Quotes: Urban Segregation
"Come, is it not the nature of things that ants toil and grasshoppers sing and play?"
—A Christmas Carol (1951)
"My apartment overlooks chase square. A very rich part of town, very safe. And of course, barely ten minutes walk from one of the worst sinkholes in the city.
Because it's always like that, isn't it?"
— Spider Jerusalem, Transmetropolitan
"Waterside is where people are poor. That makes them beggars, thieves, and whores. Hillside is where people are rich. That makes them solicitors, politicians, and courtesans."
— Kvothe, The Name of the Wind
"The people of Valua are either very rich or very poor and they detest each other. Only the richest people in Valua can live in Upper City. The less fortunate are confined to Lower City."
—Drachma, Skies of Arcadia
Bashir: Why are these people in here? Are they criminals?
Sisko: No. People with criminal records weren't allowed in the Sanctuary Districts.
Bashir: Then what did they do to deserve this?
Sisko: Nothing. They're just people without jobs or places to live.
Bashir: So they get put in here?
“A system cannot fail those it was never meant to protect.”
—W. E. B. DuBois
"Diversity = Really rich white folk won't live here."

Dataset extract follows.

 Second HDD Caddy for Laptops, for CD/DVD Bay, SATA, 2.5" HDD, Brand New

"It seems that the company has found a way to turn light itself into a valuable commodity that can be bought and sold. As the title implies, one of the company’s business models involves the construction of artificial suns. There’s the suggestion that access to the light created by these suns has been restricted — access to sunlight is a privilege of the higher class, and certainly not something that the working class need to be concerned about....It’s an absolutely terrifying thought, that a world could exist materialistic enough to commoditise sunlight itself."

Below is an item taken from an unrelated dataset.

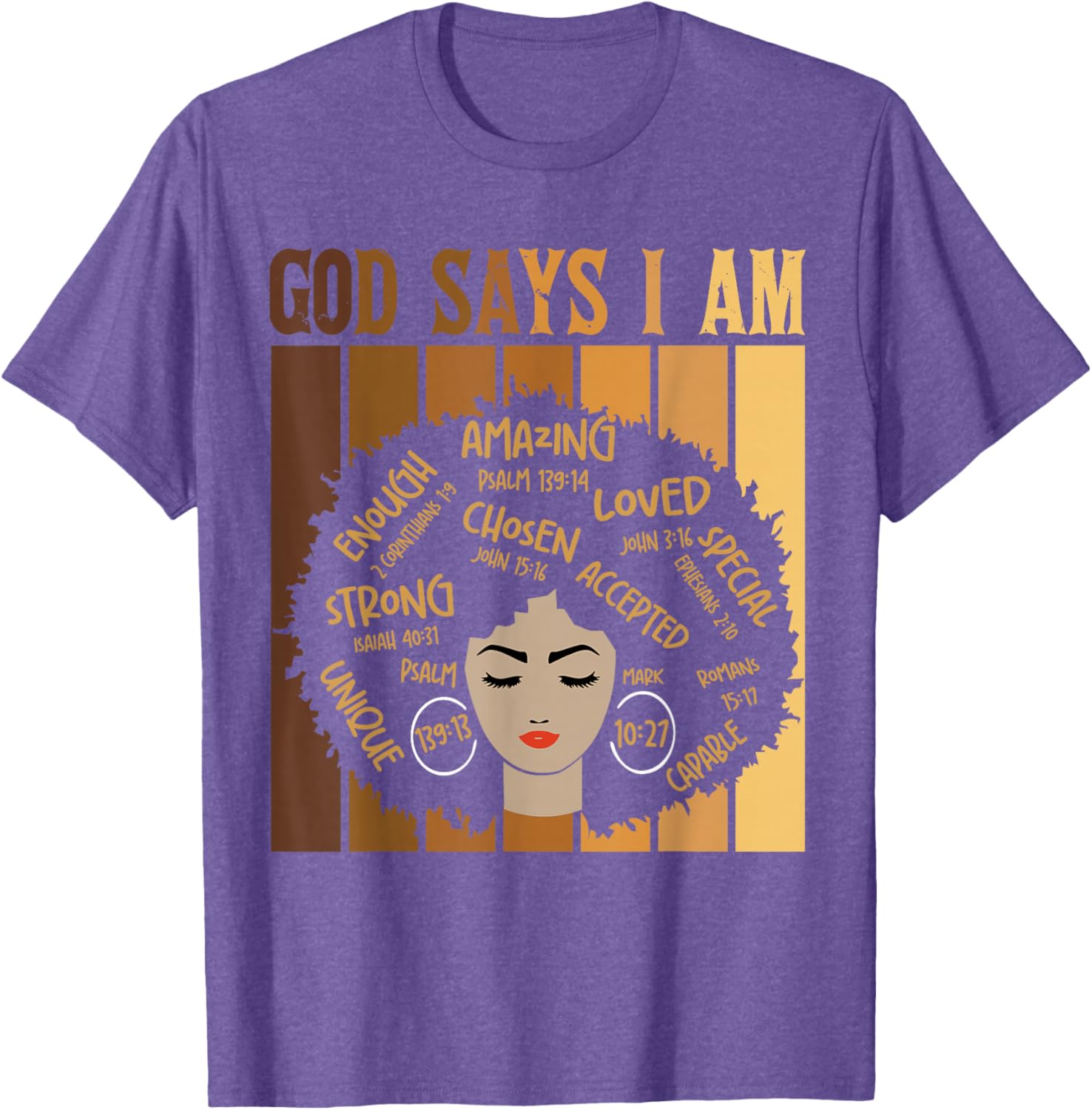 God Says I Am Melanin Black History Month T-Shirt for Women - 15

"Stadium relocation be damned, there are still only two types of Niners fans: powerfully connected VC investors and felons. There is no middle class. You're either being helicoptered into the loge level or being stabbed in the parking lot."
"I mean, New York always had the reputation for being hostile, like there were always jokes about the guy lying in the street and everybody walking over him. But you didn't feel like you were taking your life into your hands and that people there were going to kill you, the sense you get when you walk through the city today. And also, you didn't have the same sense of super-wealth right next to grinding poverty—like today you see people sitting at a fancy restaurant drinking wine, and some homeless person lying on the street right in front of them. There wasn't quite that kind of thing either."